The Foxes. Though the Foxes appear later in the story, we wanted to start by thanking them. So, thank you Dennis and Julie! Sometimes you meet people so generous and kind to you, who sort of take you under their wing, you just count your blessings and think how lucky you are to have met them. Well, Dennis and Julie Fox have been those people for us. The son of a Texas chicken farmer and the daughter of a WWII Marine POW (and Korea and Vietnam veteran too), the Foxes built a successful plumbing business in the Pacific Northwest, sold it, and have been boating ever since. We bought our boat from the Foxes in May.
Not six months later, by happy coincidence, they pulled into the slip next to us in a marina in Jensen Beach, Florida in their Krogen 58’, Sea Fox. There we were busy bees learning the systems on our boat and outfitting it for our journey, and along came the…Fabulous Foxes (as Daria likes to call them). Our learning curve was steep, but our upward march was sort of slow. We knew the pointy end was the front, but really being able to efficiently manage total amperage and amp hours in our house bank of batteries, for example, was new to us. In the next few months, Dennis proceeded to patiently teach me and Keenan the ins and out of our own boat. (Dennis also introduced us to Linda & Lawrence Reeve, who proceeded to give us sage advice too on the Bahamas and on boating in general. See more on the Reeves in our March 7th blog.)
Having sailed in many parts of the world with Julie (including crossing the Atlantic in their Krogen trawler as well as having done the Great Loop) and having owned a number of Krogens, Dennis just knows his stuff. It’s also not hard to see why he was so successful in business – he’s demanding but fair, has an expert’s knowledge, is a great listener, has done the hands-on dirty work himself (and enjoys it!), and is just a natural teacher. And funny to boot! We’ll have lots more to say about the Foxes, but will close by noting that not only have we gained years of knowledge from them in just a few months, but we’ve so enjoyed their company – the kids especially. Thanks Dennis and Juile! We look forward to seeing you on the water up on the east coast.
Christopher Cooke. We also wanted to send a big thank you to Chris Cooke, our superb broker who helped us find Muddy Waters. Chris, who works at United Yacht Sales, has been a friend from the beginning of our search, and we were very lucky to have connected with him while fishing, at the time, for a Krogen Express. Chris has been helping people buy and sell boats for 15 years. Buying or selling a boat? Chris is as good as there is. He keeps everything in calm perspective, and that just might come from being a U.S. Army veteran, having served in combat missions in places like Somalia.

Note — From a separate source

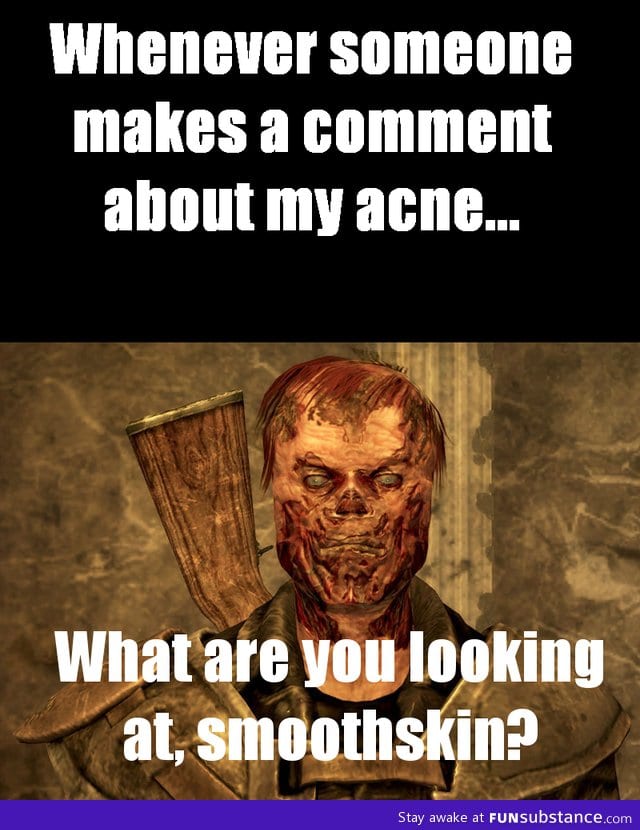 Acne sucks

Chris helped us in all phases of buying the boat and getting it from the west coast to the east coast of the United States. He pointed us in the right direction on everything from transportation (with YachtPath), registration, to insurance, marinas, technicians, you name it. He also was kind enough to pay for the Muddy Waters name on the boat! And, through all our trips to the marina in Stuart from Miami, Keenan and I got to spend time hanging-out with Chris, who’s about my age, and his son Spencer, who’s the same age as Keenan. What better bonus?! Muchas gracias Chris.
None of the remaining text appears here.